SON 2

658 17 12
                                    


YEŞİM ÖZGÜR

Hayallerinin savrulduğu yerden başlıyorsun ya hayata... Hiç bitmeyecek sandığın uçsuz bucaksız hayallerin, hedeflerin. Sevdiğin insanlar, seni sevenler, hiç sevmediklerin, nefret ettiklerin, parçalanmış savrulmuş hayallerin. Mutlu olmanın uzak olduğunu bile bile devam ediyorsun. Seni anlıyorum, anlıyoruz.

Herkes birbirini anlıyor. En çokta biz anlardık.

Sinem'in doğum günü partisi için Cüneyt büyük bir klübü tercih etmişti. Işıkların uyum içinde olmayan dansı başımı ağrıtıyordu. Sinem başını Cüneyt'in göğsüne dayamış yavaş yavaş dans ediyorlardı. Ona baktığımda yıllar önce sevdiği adam tarafından aldatılmış kızı görmüyordum. Sinem ne kadar güçlü olduğunu Cüneyt'e kabul ettirmişti sanki. Bu hareketlerinden bile anlaşılabiliyordu.

Başımın ağrısı giderek artıyordu. Sanırım bunda tam karşımda dans eden ve sürekli kahkaha atmak için bahane üreten Oğuz ve kız arkadaşının payı da vardı. Kafamı başka yöne çevirdiğimde Pınar'ın yaklaştığını gördüm.

"Ona hep böyle uzaktan bakacaksın."

"Bu çok iyi geldi" deyip gidecektim ki kolumdan tuttu ve beni balkona sürüklemeye başladı. Ona karşı koymuyordum ama biraz nazik davranabilirdi. Klüp iki katlıydı. İkinci katı daha sakindi ve sonunda balkon vardı.

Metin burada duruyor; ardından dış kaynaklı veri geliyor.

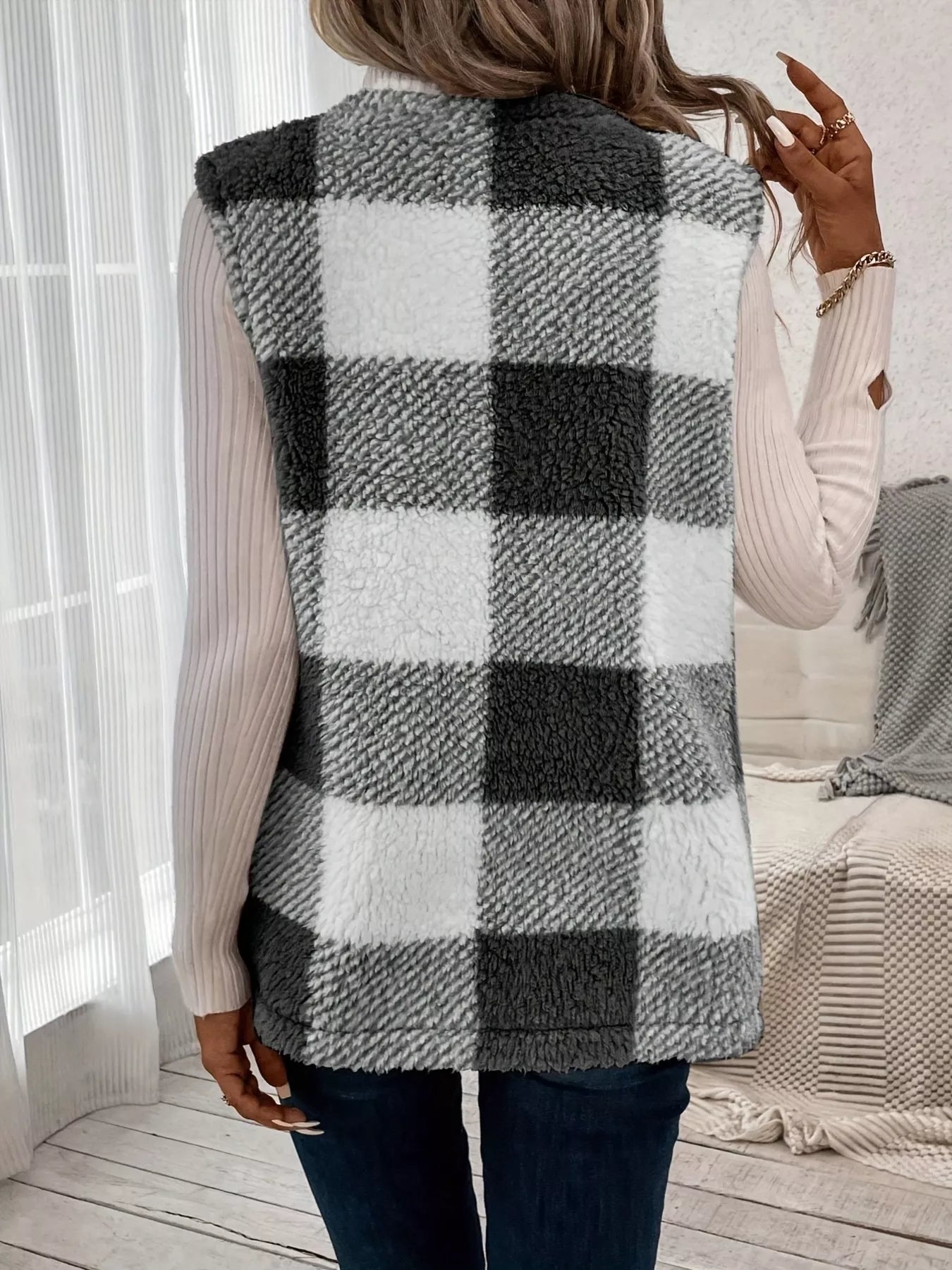 Plaid Sherpa Vest Coat with Pockets - Fashorio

"Cemre'yi gördün mü?" çok ciddi sormuştu.

"Onu görmem mi gerekiyordu?" dedim.

"Hayır. Eren ve ben bir şeyler neyse..." dedi bu sefer ben onu kolundan yakaladım.

"Merak ettiğin buysa beş yıl boyunca yalnızdım. Yapayalnız."

Beni hafifçe ittirdi. Kendini daha fazla tutamayacaktı."Beş yıl boyunca neredeydin?"

"Hep böyle zenginlik içinde, güçlü bir şekilde yaşamadım. İlk yıl evim bile yoktu. Babam banka hesabımı donduruncaya kadar otelden otele sokaklarda gezdim durdum. İkinci yıl daha beterdi. Bir polinikte bağımlı tedavisi gördüm. Babam beni bulmuştu ve hayatımı mahvetmemem için elinden geleni yaptı. Tedavim bittikten sonra sanat okuluna girdim. Piyanodan yürüyecektim. Sonra Tom ile ile tanıştım ve hayatım değişti. Bana savaşmayı, kim olduğumu tekrar hatırlattı. Ve zamanı geldiğinde yanınıza geldim."

Pınar şok olmuştu. Bu kadar şey yaşadığıma inanamamıştı. "Şimdi Oğuz'u gerçekten kaybetmenin acısını yaşadım. Sanırım hayatım böyle devam edip gidecek." Gözyaşlarım gözlerimin ucunda hazır bekliyordu.

"Sevdiğin birini kaybetmenin ne demek olduğunu ikimizde biliyoruz." dedi Pınar. Başımla onayladım.

...

Oğuz'un yavaşça balkona yürümesini izledim Beni gördüğünde ne yapacağını kestirememiş bir hali vardı. "Eğer gelmek istiyorsan gidebilirim. Kaçmana gerek yok" dedim. Oğuz yavaşça yürüdü, yanıma geldi ve dışarıya baktı. "Senden kaçmıyorum."

"Artık kaçacak kadar bile önemsemiyorsun demek ki." dedim ona bakarak. O bana bakmıyordu. "Deniz'le aynı okuldaymışsınız. Senden bahsederken büyük bir hayranlıkla bahsediyor. Müziğin ona ilham veriyor."

"Eskiden başka kişilere ilham verirdi." Başka yöne bakıyordum. Belli belirsiz güldü.

"Seninle geçmişteyaşadıklarımızı öğrenirse okulda büyük hayranlık duyduğu bir arkadaşınıkaybetmiş olur. Onun yalnız kalmasını istemem."

"Biz seninle hiçbir şey yaşamadık Oğuz."

"Haklısın, tanıştığımızı kast ediyordum". Bu kadar sakin ve kabullenici oluşu canımı sıkıyordu.